• Instructions to follow: Copy out every line of the data where the word "Power" is found.

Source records
-------------------------
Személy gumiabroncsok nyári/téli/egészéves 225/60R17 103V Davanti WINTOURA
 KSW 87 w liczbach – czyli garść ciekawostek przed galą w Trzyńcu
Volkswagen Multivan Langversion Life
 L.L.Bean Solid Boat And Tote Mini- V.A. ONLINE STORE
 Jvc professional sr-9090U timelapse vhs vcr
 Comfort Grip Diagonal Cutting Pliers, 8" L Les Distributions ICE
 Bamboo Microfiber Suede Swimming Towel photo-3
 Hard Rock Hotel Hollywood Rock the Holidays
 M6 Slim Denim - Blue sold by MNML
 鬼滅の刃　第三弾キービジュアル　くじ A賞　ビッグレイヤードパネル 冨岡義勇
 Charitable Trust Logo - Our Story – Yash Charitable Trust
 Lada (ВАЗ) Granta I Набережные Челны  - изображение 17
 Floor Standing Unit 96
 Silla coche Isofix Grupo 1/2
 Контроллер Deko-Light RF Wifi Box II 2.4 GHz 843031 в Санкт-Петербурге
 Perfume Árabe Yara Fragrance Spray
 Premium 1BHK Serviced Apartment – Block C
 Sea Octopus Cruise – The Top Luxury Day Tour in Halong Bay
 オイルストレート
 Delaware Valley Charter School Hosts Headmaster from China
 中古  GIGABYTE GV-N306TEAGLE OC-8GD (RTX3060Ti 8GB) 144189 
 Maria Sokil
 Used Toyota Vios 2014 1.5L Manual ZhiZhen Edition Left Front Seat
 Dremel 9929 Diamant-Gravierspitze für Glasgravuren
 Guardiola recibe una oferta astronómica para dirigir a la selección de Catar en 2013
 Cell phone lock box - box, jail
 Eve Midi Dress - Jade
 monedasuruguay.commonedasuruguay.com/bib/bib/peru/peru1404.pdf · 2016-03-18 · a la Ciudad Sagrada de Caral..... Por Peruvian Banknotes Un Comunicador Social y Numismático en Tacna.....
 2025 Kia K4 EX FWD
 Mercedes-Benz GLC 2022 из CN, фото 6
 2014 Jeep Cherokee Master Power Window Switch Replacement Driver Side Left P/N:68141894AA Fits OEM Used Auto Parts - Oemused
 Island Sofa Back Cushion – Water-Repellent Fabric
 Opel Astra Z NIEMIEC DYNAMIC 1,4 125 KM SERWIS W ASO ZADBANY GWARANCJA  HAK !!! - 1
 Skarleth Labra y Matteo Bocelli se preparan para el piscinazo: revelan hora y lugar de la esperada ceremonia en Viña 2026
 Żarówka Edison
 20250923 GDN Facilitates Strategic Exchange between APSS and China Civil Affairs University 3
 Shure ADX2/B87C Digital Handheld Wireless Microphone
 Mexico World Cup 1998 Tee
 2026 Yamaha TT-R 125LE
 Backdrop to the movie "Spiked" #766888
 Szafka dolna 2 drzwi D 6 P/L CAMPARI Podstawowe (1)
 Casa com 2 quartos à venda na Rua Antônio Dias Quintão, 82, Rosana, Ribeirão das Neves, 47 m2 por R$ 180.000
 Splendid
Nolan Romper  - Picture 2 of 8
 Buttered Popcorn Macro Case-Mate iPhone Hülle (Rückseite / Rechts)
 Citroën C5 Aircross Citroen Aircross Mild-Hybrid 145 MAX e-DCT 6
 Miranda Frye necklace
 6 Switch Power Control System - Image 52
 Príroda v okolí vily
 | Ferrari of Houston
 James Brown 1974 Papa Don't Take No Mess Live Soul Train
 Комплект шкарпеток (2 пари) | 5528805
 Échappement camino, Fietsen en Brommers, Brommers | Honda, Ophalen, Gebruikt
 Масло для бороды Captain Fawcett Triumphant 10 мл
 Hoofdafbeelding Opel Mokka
-------------------------
• Response box:
 2014 Jeep Cherokee Master Power Window Switch Replacement Driver Side Left P/N:68141894AA Fits OEM Used Auto Parts - Oemused
 6 Switch Power Control System - Image 52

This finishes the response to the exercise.